BEGIN Entries shown
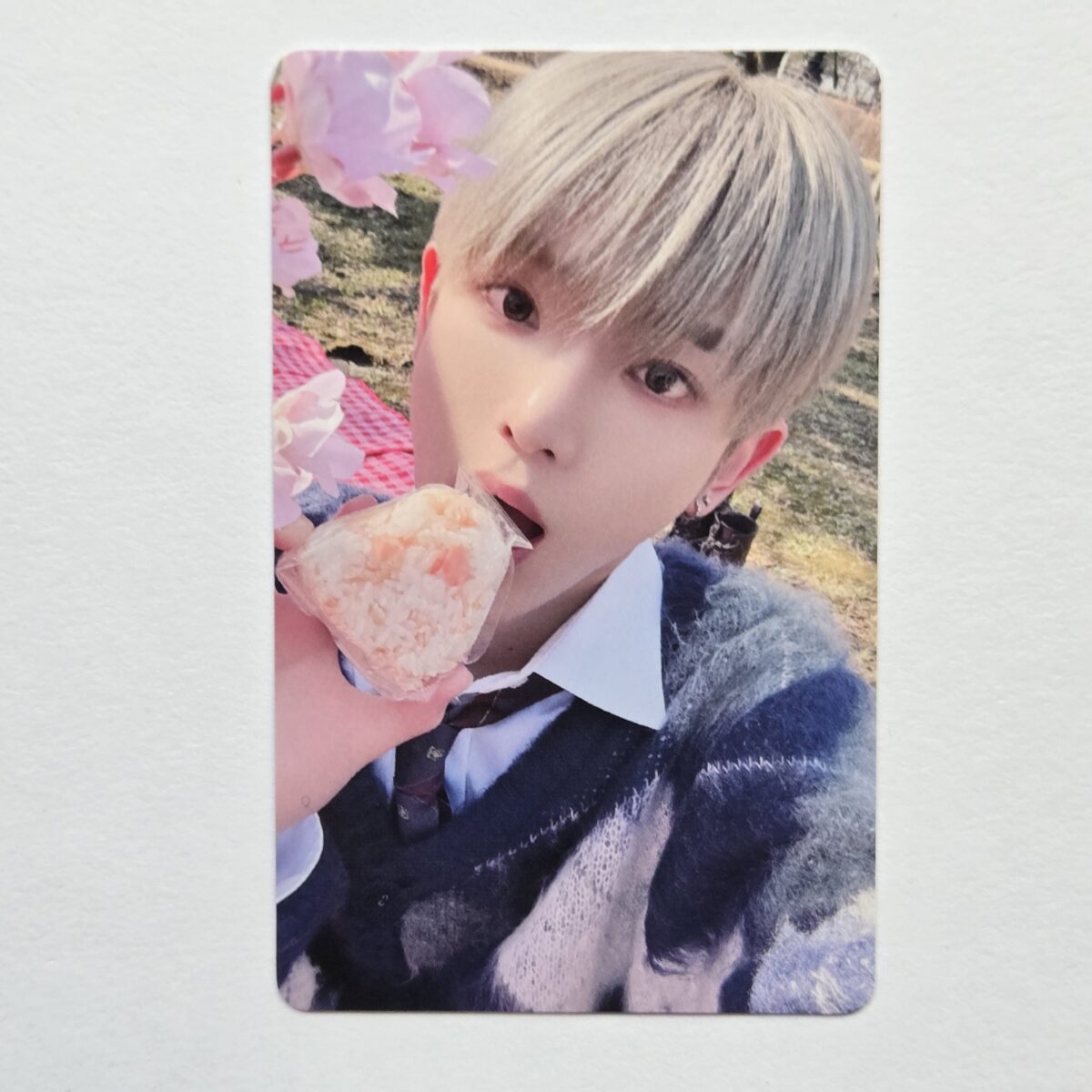 &TEAM 月狼 Go in Blind Weverse Lucky Draw Photocard
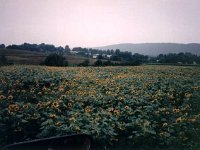 photos1990-199900102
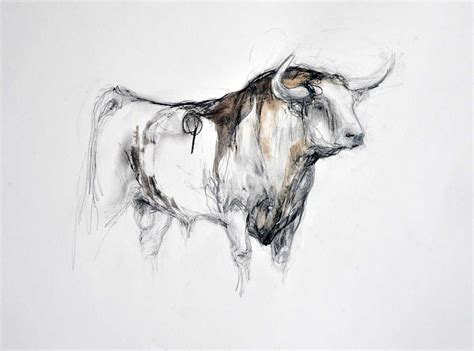 Small Bull Drawing | Lydia Kiernan Art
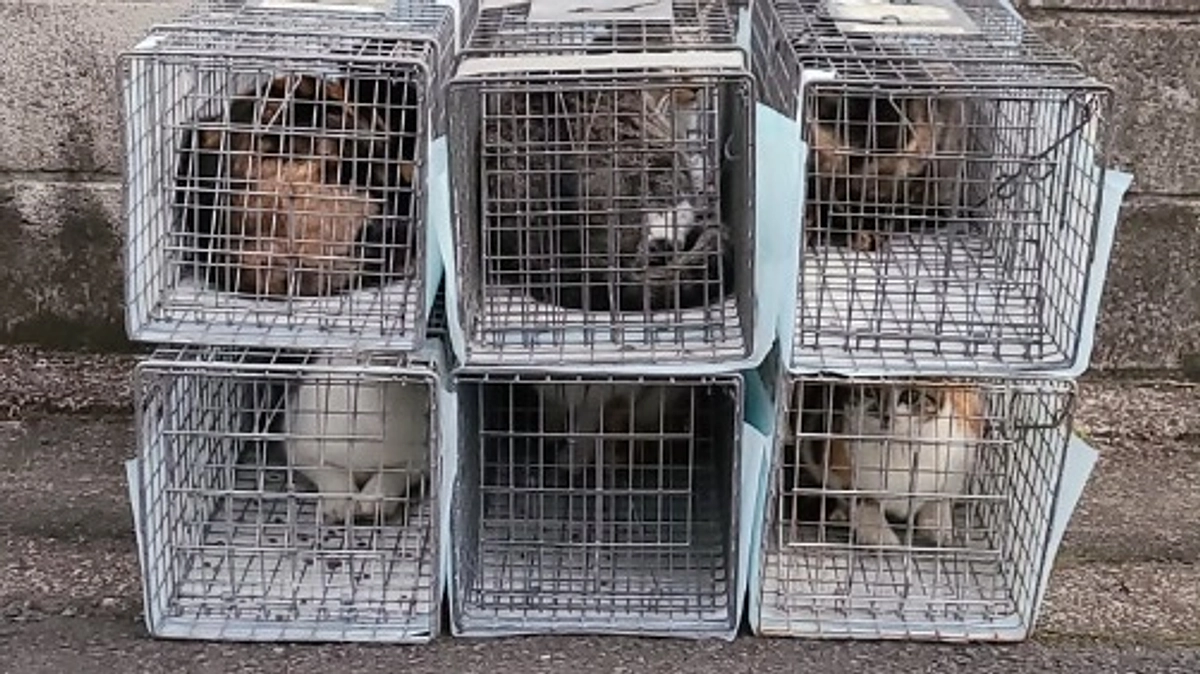 草加市内9頭のTNRを行いました。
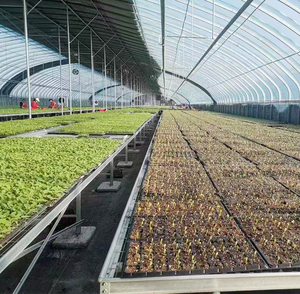 Lit mobile de culture de légumes <span class=keywords><strong>sur</strong></span> roulettes avec <span class=keywords><strong>pieds</strong></span> réglables pour l'agriculture de contour - Product Image 4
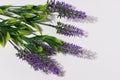 Lavender artificial flowers on white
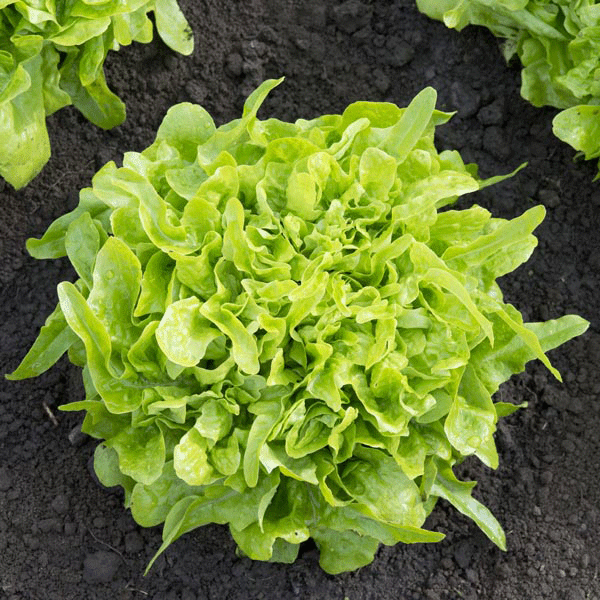 Hạt Giống Rau Xà Lách Sồi Xanh OAKLEAF - Gói 2gram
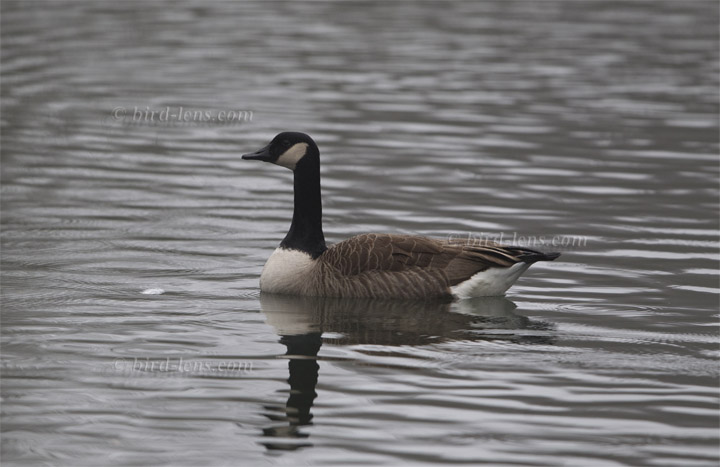 Canada Goose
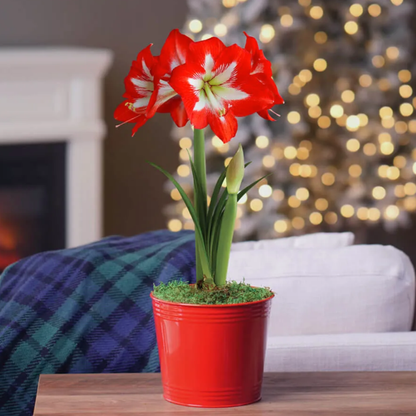 Merry and Bright Single Cocktail Potted Amaryllis Bulb Gift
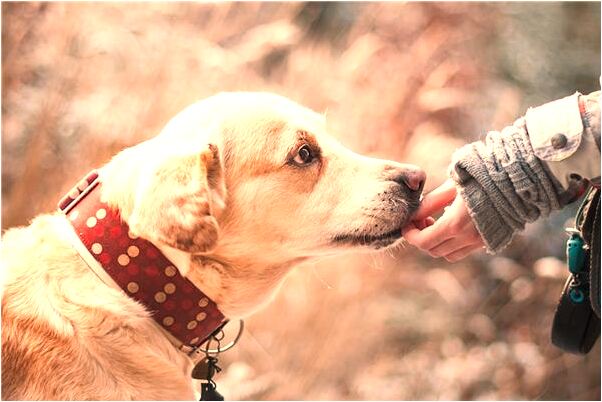 夢到了姐姐帶孝有何寓意_周公解夢官網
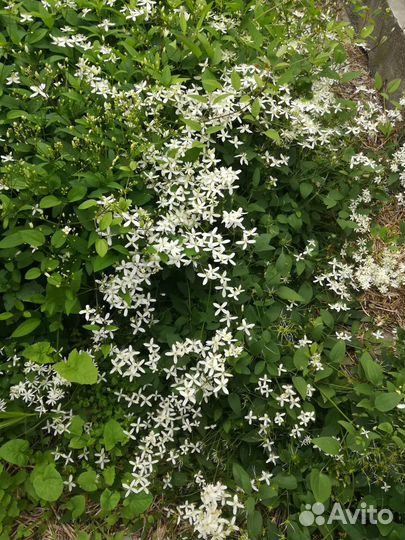 Саженцы Ива,полынь,форзиция,княжик,сирень,клематис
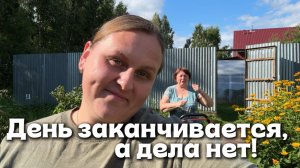 Продолжаем делать огородные дела, пока погода позволяет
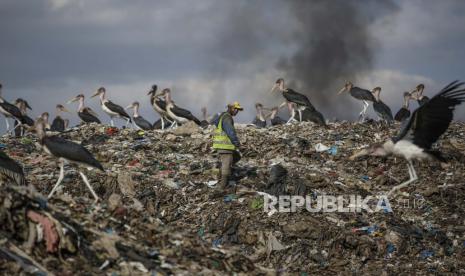  Seorang pria yang mengais bahan daur ulang untuk mencari nafkah, tengah, berjalan melewati bangau Marabou yang sedang makan di gunung garasi di tengah asap dari pembakaran sampah di Dandora, tempat pembuangan sampah terbesar di ibu kota Nairobi, Kenya Selasa, 7 September 2021. 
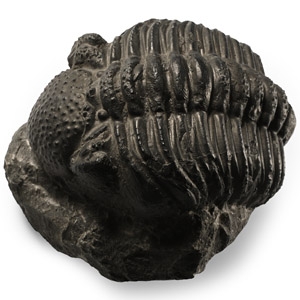 Large Fossil Trilobite on Matrix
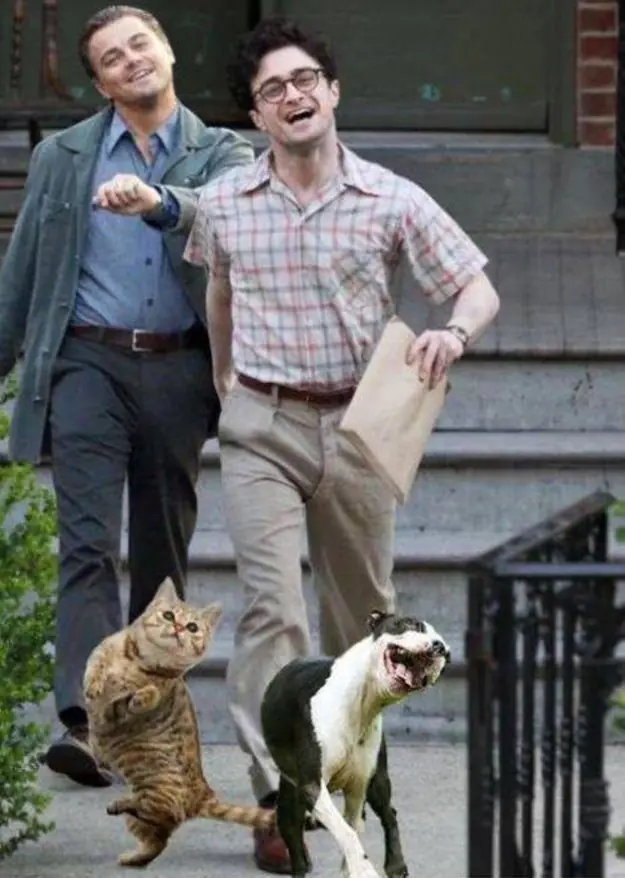Memes de Leonardo DiCaprio que se merecen un Óscar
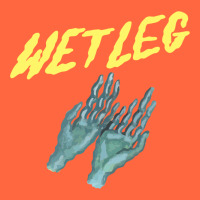 Wetleg Merch Premium Hoodie | Teevron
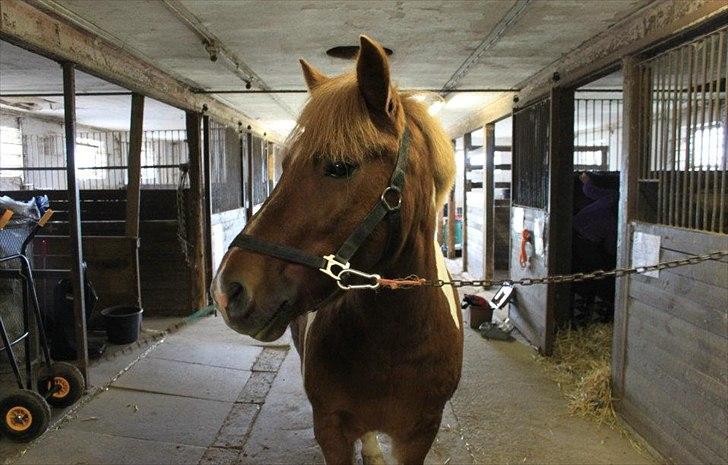 Anden særlig race Flamme *.. Bølle pony!<3 (Solgt) ;'(<3 - hvis jeg havde et ønsket var det at du altid vil være min!:')<3
Foto: Mig billede 17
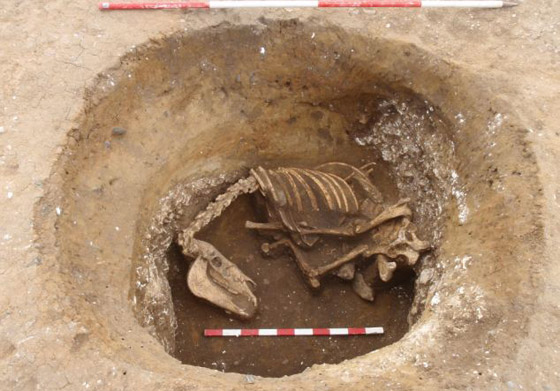 العثور على عظام اطفال وحيوانات تعود الى اكثر من 2000 عام! صورة رقم 4 العثور على عظام اطفال وحيوانات تعود الى اكثر من 2000 عام! صورة رقم 4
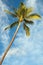 Palm tree with azure blue sky with clouds in background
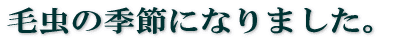ђ̋G߂ɂȂ܂B 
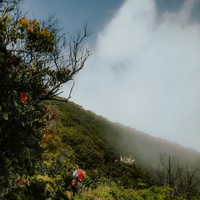 true-story-temu-pisah-di-alas-lali-jiwo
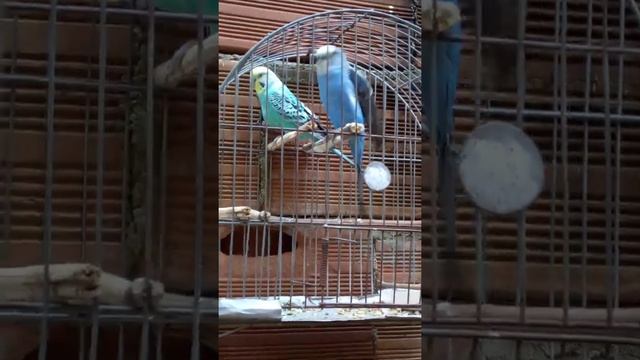 Dando um giro na criação!!🐦🐦.Sera que vem um arco iris🌈😁 смотреть онлайн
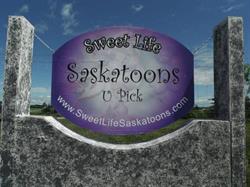 Sweet Life Saskatoons U-Pick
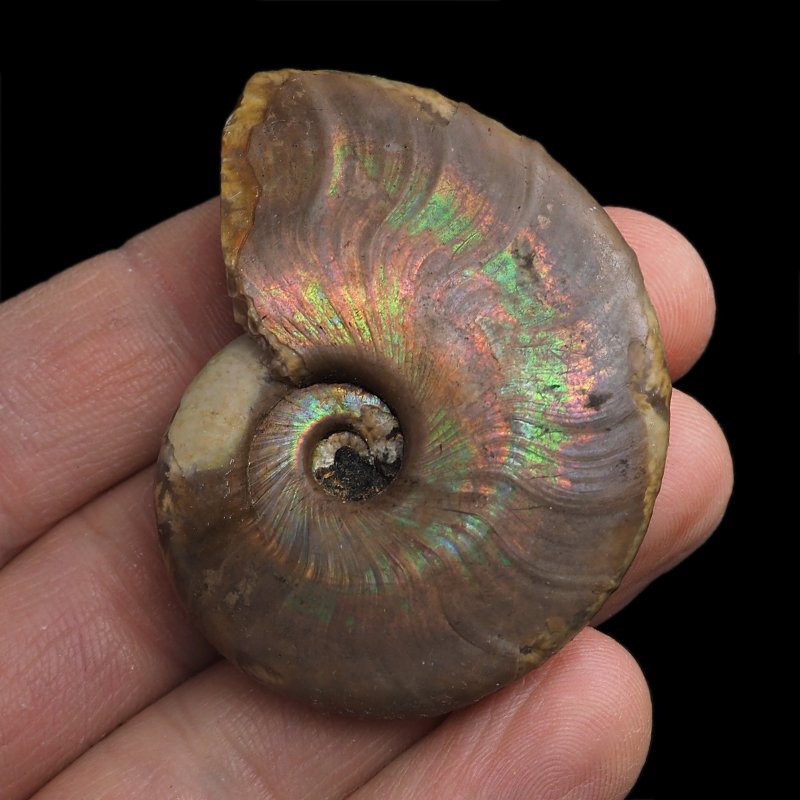 AMONIT Z OPALIZUJĄCĄ SKORUPĄ - 51 mm - 110 MLN LAT - MADAGASKAR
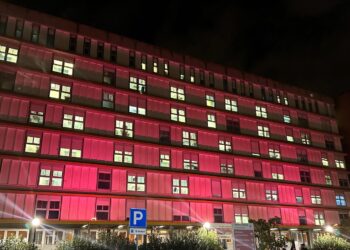 Ospedale San Paolo Rosa1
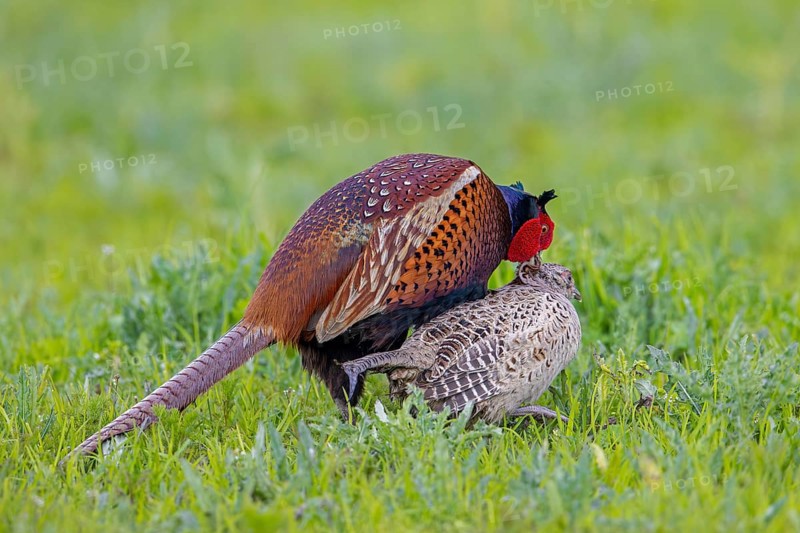 Common pheasant (Phasianus colchicus) male, cock mating with female, hen in field during the breeding season in spring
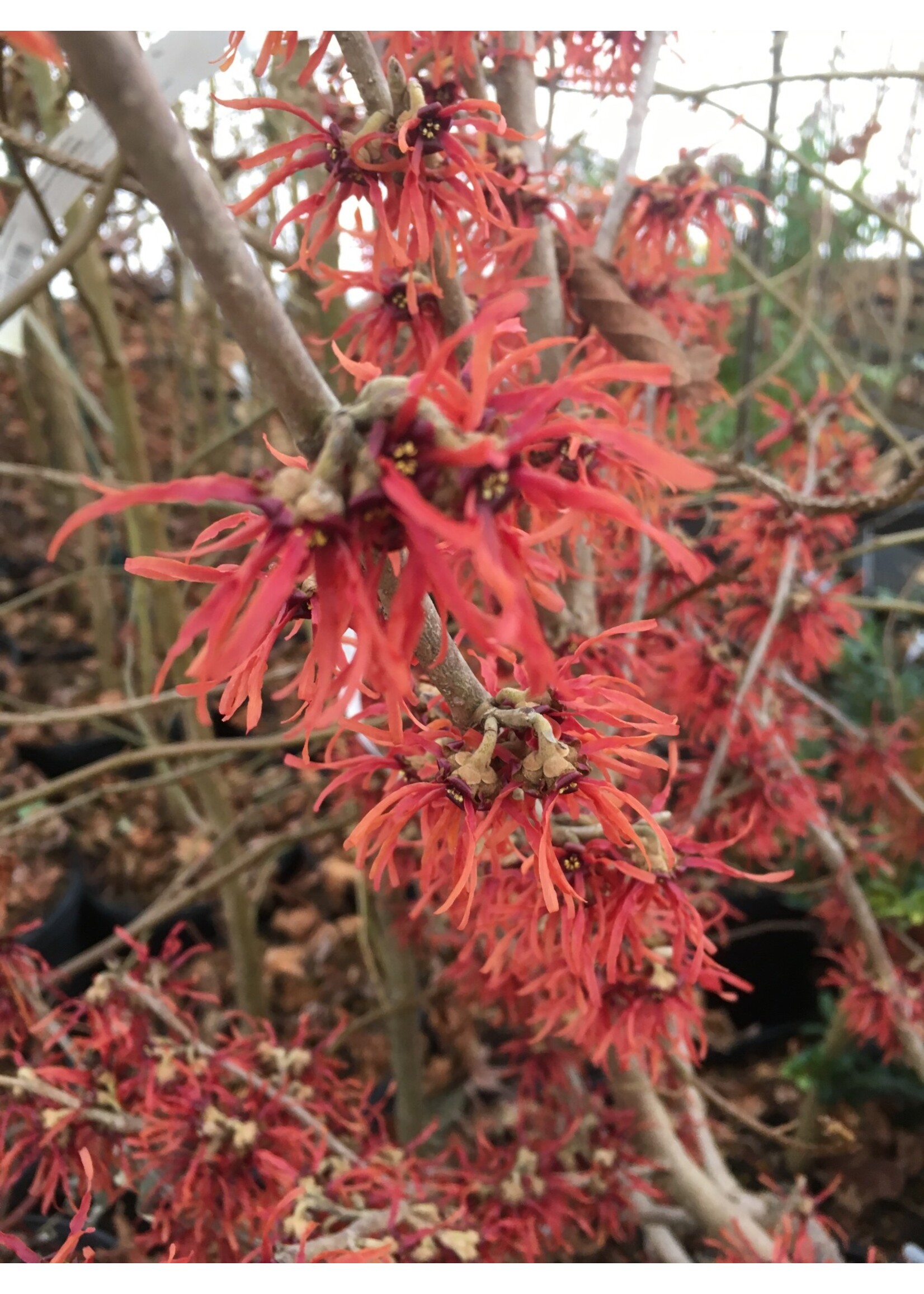 Hamamelis x int. Diane Witch-hazel, Diane, #7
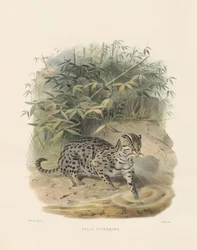 Gatto pescatore (Felis viverrina)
END Entries shown
Only the lines from the one with "Common pheasant (Phasianus" through the last line of the records above are wanted, copied exactly and with pictures omitted.

**Written solution**.
 Common pheasant (Phasianus colchicus) male, cock mating with female, hen in field during the breeding season in spring
 Hamamelis x int. Diane Witch-hazel, Diane, #7
 Gatto pescatore (Felis viverrina)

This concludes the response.